§ DATASET EXTRACT

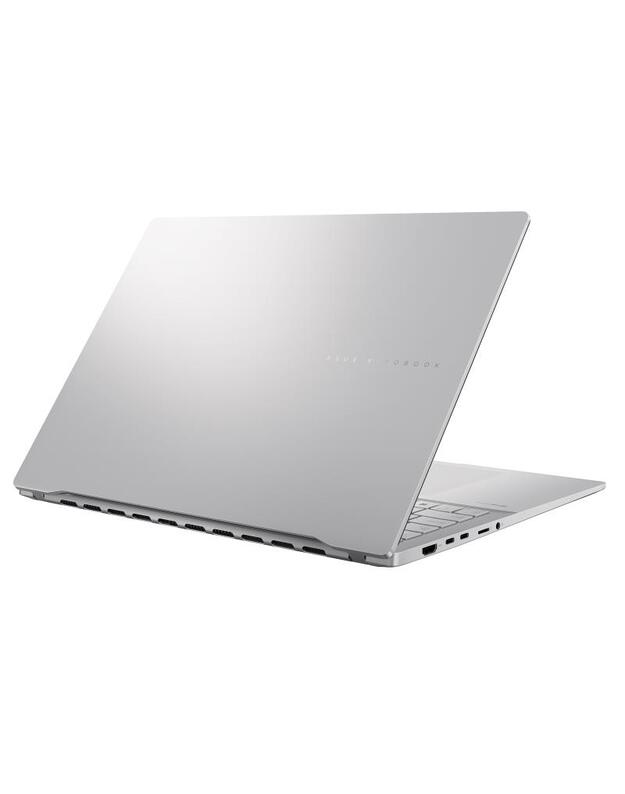 Notebook|ASUS|VivoBook S|M5606UA|CPU  Ryzen 7|8845HS|3800 MHz|16 |3200x2000|RAM 16GB|LPDDR5x|SSD 1TB|AMD Radeon Graphics|Integrated|ENG|NumberPad|Card Reader Micro SD|Windows 11 Home|Silver|1.5 kg|90NB1483-M005B0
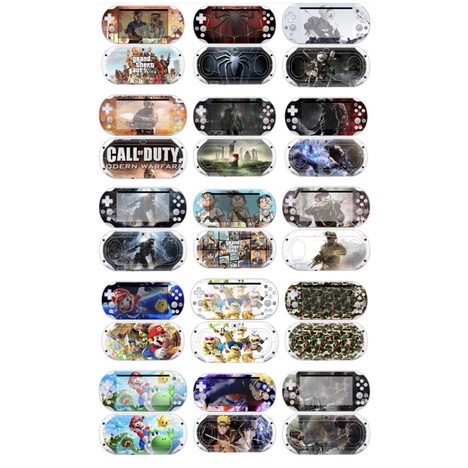 100 mẫu dán skin Psvita 2000, dán trang trí psvita 2000 giao hình ngẫu nhiên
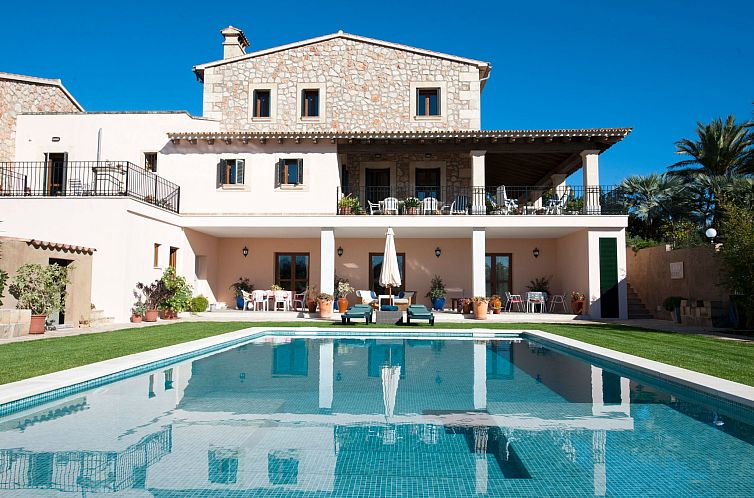 Vakantiehuis Luxuriöse Ferienvilla auf Mallorca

§ TASK STATEMENT
When an image appears in the data, skip it and output the rest exactly.

§ WORKED SOLUTION
 Notebook|ASUS|VivoBook S|M5606UA|CPU  Ryzen 7|8845HS|3800 MHz|16 |3200x2000|RAM 16GB|LPDDR5x|SSD 1TB|AMD Radeon Graphics|Integrated|ENG|NumberPad|Card Reader Micro SD|Windows 11 Home|Silver|1.5 kg|90NB1483-M005B0
 100 mẫu dán skin Psvita 2000, dán trang trí psvita 2000 giao hình ngẫu nhiên
 Vakantiehuis Luxuriöse Ferienvilla auf Mallorca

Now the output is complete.